Thaicom Plc, the country’s sole satellite service provider, is accelerating plans to launch Thaicom 8 by early 2016, as reported by Bangkok Post, to keep up with the exponential growth of the full digital industry.
The company also plans to launch broadcast satellite Thaicom 9, to be positioned at 50.5 degrees east, to reserve the country’s orbital slot, which expired last November. It plans to expand its footprint in the Middle East, Europe and Africa
The planned 440-transponder broadband satellite, also known as iPSTAR 2, will cost about USD 200 million and be positioned in the orbital slot at 119.5 degrees, said chief executive Suphajee Suthumpun.
“Our feasibility plan involving satellite categories and investment options for iPSTAR 2 will be completed by June, with the planned launch of the new satellite in the next three years,” she said.
Suphajee said the accelerated move is to accommodate the greater use of iPSTAR 1, which has reached half of its capacity after the company signed a contract with China Telecom’s satellite unit.
Thaicom last week reached a framework agreement with China Telecom Satellite and Synertone Communication Corporation to proceed with the sale of iPSTAR bandwidth in China.
The use of iPSTAR in China reportedly accounts for 24% of its capacity.
The iPSTAR 2 satellite is also aimed at serving an anticipated exponential increase in local broadband bandwidth consumption, Suphajee said.
Thaicom is also moving ahead with its plan to build two more satellites.
It expects to seal a deal to sell iPSTAR bandwidth in India in March, accounting for 10% of its capacity.
“To further boost iPSTAR utilisation, we are moving to expand into Indonesia, the Philippines and Myanmar this year,” she said, adding that it is focusing on corporate and enterprise users.
Thaicom is also preparing to launch its Thaicom 6 telecommunications satellite, worth USD 160 million, by the middle of this year.
“The commercial satellite has been already booked up to 40% of its capacity, reaching its utilisation goal or the breakeven point,” Suphajee said.
The company also plans to launch broadcast satellite Thaicom 9, to be positioned at 50.5 degrees east, to reserve the country’s orbital slot, which expired last November. It plans to expand its footprint in the Middle East, Europe and Africa.
Thaicom attained profitability in the final quarter of 2011 after facing losses for several years. Thaicom’s concession is due to expire in 2021. The company has been in operation for 22 years.
Thaicom operates only two satellites _ Thaicom 4 (iPSTAR) and Thaicom 5. Thaicom 4, 5 and 6 are under concessions from the Information and Communication Technology Ministry.

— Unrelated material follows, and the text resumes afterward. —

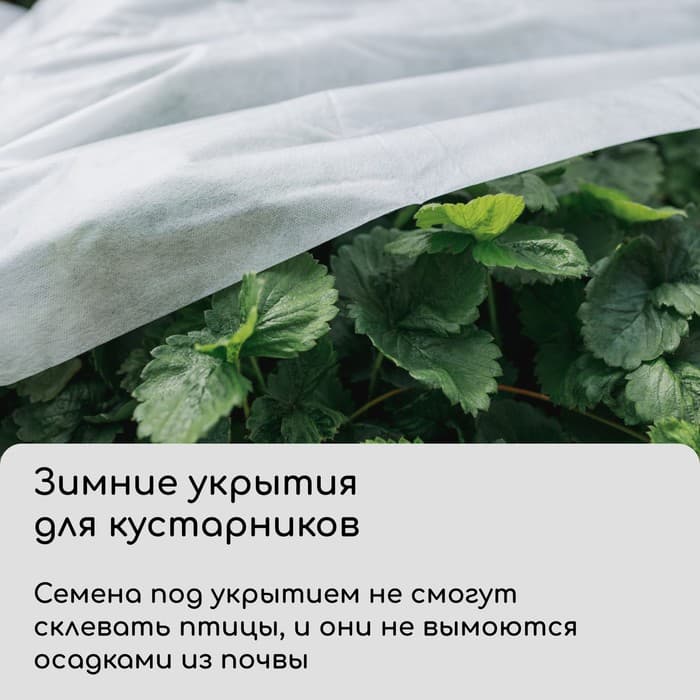 Материал укрывной, 10×3.2 м, плотность 60 г/м², спанбонд с УФ-стабилизатором, белый, Greengo, Эконом 30%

Suphajee said Thailand’s telecom and broadcast revolutions are being driven towards a paradigm shift to a “technology convergence” era, which means broadband and broadcast can now support all forms of communications on different networks.
She said Thaicom expects to see healthy growth this year in tandem with positive growth in the country’s broadband demand, thanks to the government’s policy of free public WiFi and the One Tablet per Child scheme. Up to 60% of revenue will come from satellite services this year.
The company has sold its loss-making mobile unit in Cambodia.